We have multiple MFP printers that we use to scan documents into an SMB share. Next year, we're migrating to Chrome OS, so I'd rather not have two sets of credentials (one for G Suite, one for Active Directory for the SMB share), so I'm experimenting and found that I could just have an SMB share that Rclone routinely checks and moves files from their to their respective locations in Google Drive. The only problem I'm having so far, is that Rclone is uploading a copy while the file is in use - is there a way I can tell Rclone NOT to try moving a file if it's in use by another process? I do not want scans being uploaded partially before the scanner is finished writing the file.
Thank you!
What is your rclone version (output from rclone version)
That means the file wasn't in use the time is being copied.
An example would be like this:
C:\Users\earlt\Downloads\rclone-v1.53.3-windows-amd64>rclone copy blah.txt GD: -vv
2020/12/10 14:05:14 DEBUG : rclone: Version "v1.53.3" starting with parameters ["rclone" "copy" "blah.txt" "GD:" "-vv"]
2020/12/10 14:05:14 DEBUG : Creating backend with remote "blah.txt"
2020/12/10 14:05:14 DEBUG : Using config file from "C:\\Users\\earlt\\.config\\rclone\\rclone.conf"
2020/12/10 14:05:14 DEBUG : fs cache: adding new entry for parent of "blah.txt", "//?/C:/Users/earlt/Downloads/rclone-v1.53.3-windows-amd64"

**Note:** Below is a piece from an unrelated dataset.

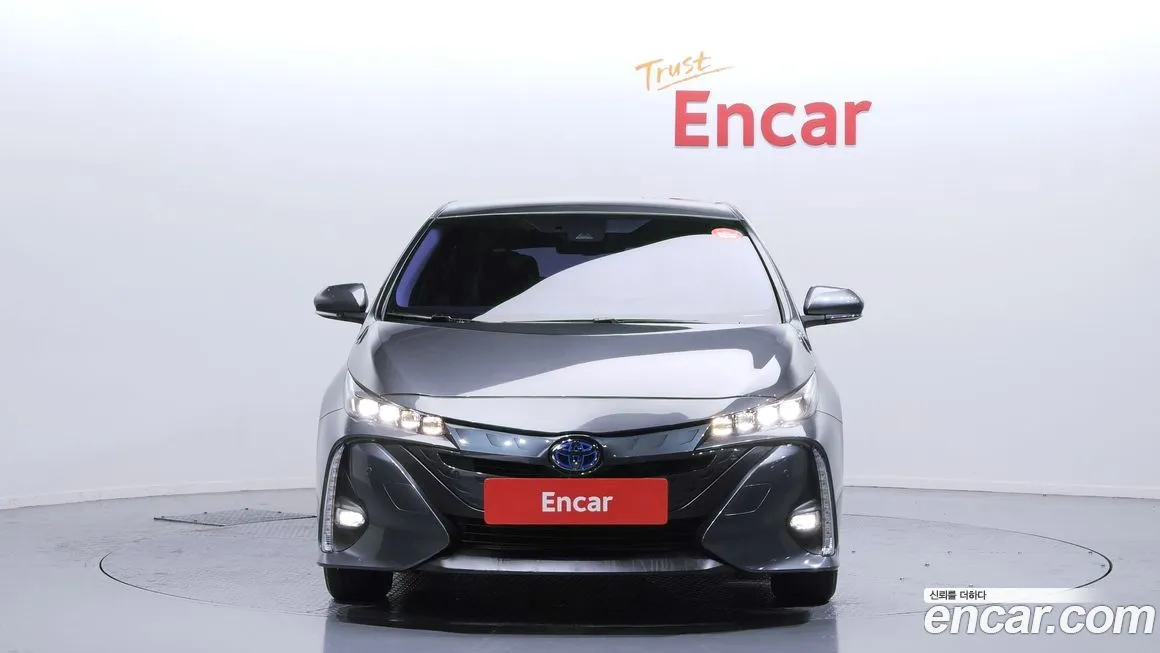 Toyota Prius — фото 4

2020/12/10 14:05:14 DEBUG : Creating backend with remote "GD:"
2020/12/10 14:05:14 DEBUG : blah.txt: Need to transfer - File not found at Destination
2020/12/10 14:05:14 ERROR : blah.txt: Failed to copy: failed to open source object: The process cannot access the file because it is being used by another process.

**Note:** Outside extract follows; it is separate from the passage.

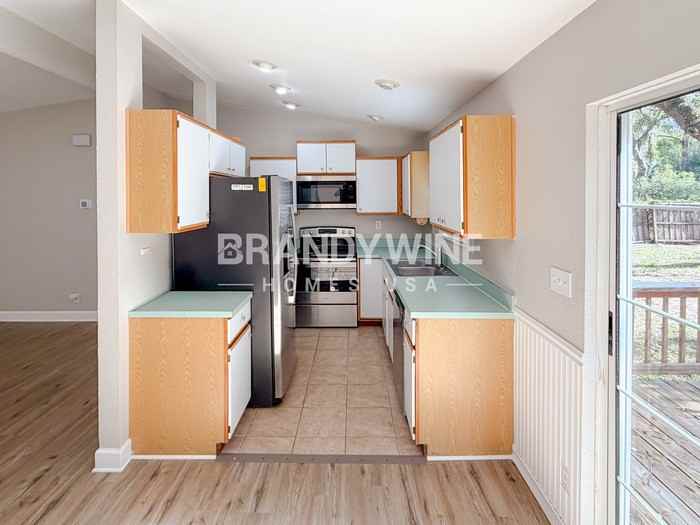 132 E 8th St - Photo 7 of 17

2020/12/10 14:05:14 ERROR : Attempt 1/3 failed with 1 errors and: failed to open source object: The process cannot access the file because it is being used by another process.
2020/12/10 14:05:15 DEBUG : blah.txt: Need to transfer - File not found at Destination
2020/12/10 14:05:15 ERROR : blah.txt: Failed to copy: failed to open source object: The process cannot access the file because it is being used by another process.

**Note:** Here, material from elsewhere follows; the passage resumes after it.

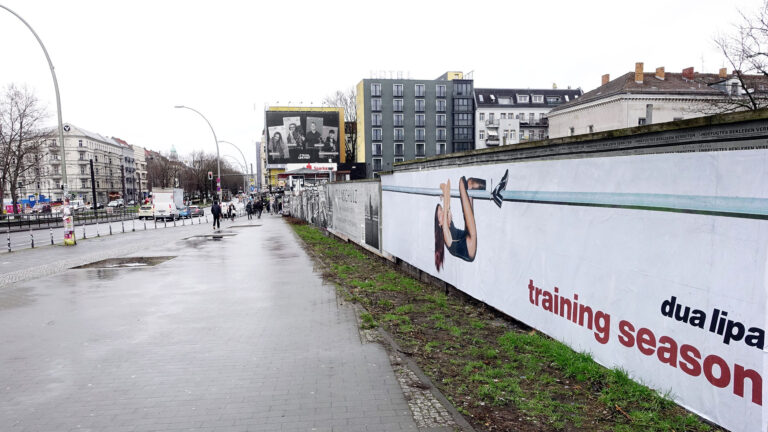 StreetFence riesen Werbefläche in Berlin mit Werbung für die Single training season von Dua Lipa. Die Werbung ist an der Warschauer Brücke angebracht.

2020/12/10 14:05:15 ERROR : Attempt 2/3 failed with 1 errors and: failed to open source object: The process cannot access the file because it is being used by another process.
2020/12/10 14:05:15 DEBUG : blah.txt: Need to transfer - File not found at Destination
2020/12/10 14:05:15 ERROR : blah.txt: Failed to copy: failed to open source object: The process cannot access the file because it is being used by another process.
2020/12/10 14:05:15 ERROR : Attempt 3/3 failed with 1 errors and: failed to open source object: The process cannot access the file because it is being used by another process.
2020/12/10 14:05:15 INFO :
Transferred: 0 / 0 Bytes, -, 0 Bytes/s, ETA -
Errors: 1 (retrying may help)
Elapsed time: 1.0s
2020/12/10 14:05:15 DEBUG : 4 go routines active
2020/12/10 14:05:15 Failed to copy: failed to open source object: The process cannot access the file because it is being used by another process.
But I had Adobe Acrobat open the whole time, not just during the time it wasn't copying it.
Adobe Acrobat was an example.. is there a native way Rclone can ignore a file for uploading until it's not being written to anymore?
I'd have to do more testing to see how exactly the MFPs write files to SMB share - if it caches it then transfers it, or directly writes to the file it saves to the share.
just because a file is in use with acrobat, does not mean that acrobat has the file open at any given moment.
acrobat, might open a file for edit, save a change and then close the file.
as a test, you might write a simple batch script to test it, running as the same user, that rclone runs as.
As a separate test, I had Adobe Acrobat open with that file and I tried deleting the file in the folder manually, in File Explorer, and it rejected it, saying that the file is open in a program. And it continues to do this, so it appears it is constantly opened with Adobe Acrobat in one way or another, maybe a way that Rclone ignores?
UPDATE: I tested scanning a document with 35 pages in a scanner, and had Rclone running the command every second. In the middle of the scanner writing, Rclone came up with an error saying something along the lines of:
"..source file is being updated. Size changed..."
Looks like the functionality I'm looking for is definitely there!!! THANKS
That is a pretty good test. It isn't perfect though.
What you probably want is to include something like a --min-age 5m filter flag which won't attempt to sync things unless they are at least 5 minutes old.
That would be nice, but it is not ideal. We scan a lot of documents in, and the potential of people having to wait 5 minutes for their scans to appear in Google Drive is way too long.
Ah, I didn't realise you might have impatient users on the other end!
You can make the number smaller which might work well.. Does the scanner write the PDF all in one go at the end or does it write it while scanning each page? If the former then setting --min-age 15s might work provided it takes the scanner less than 15 seconds to save the file (which seems likely),
It appears the solution I have with Rclone is working correctly. It's been able to detect when the PDF is open and being modified, then works after the MFP is done with it.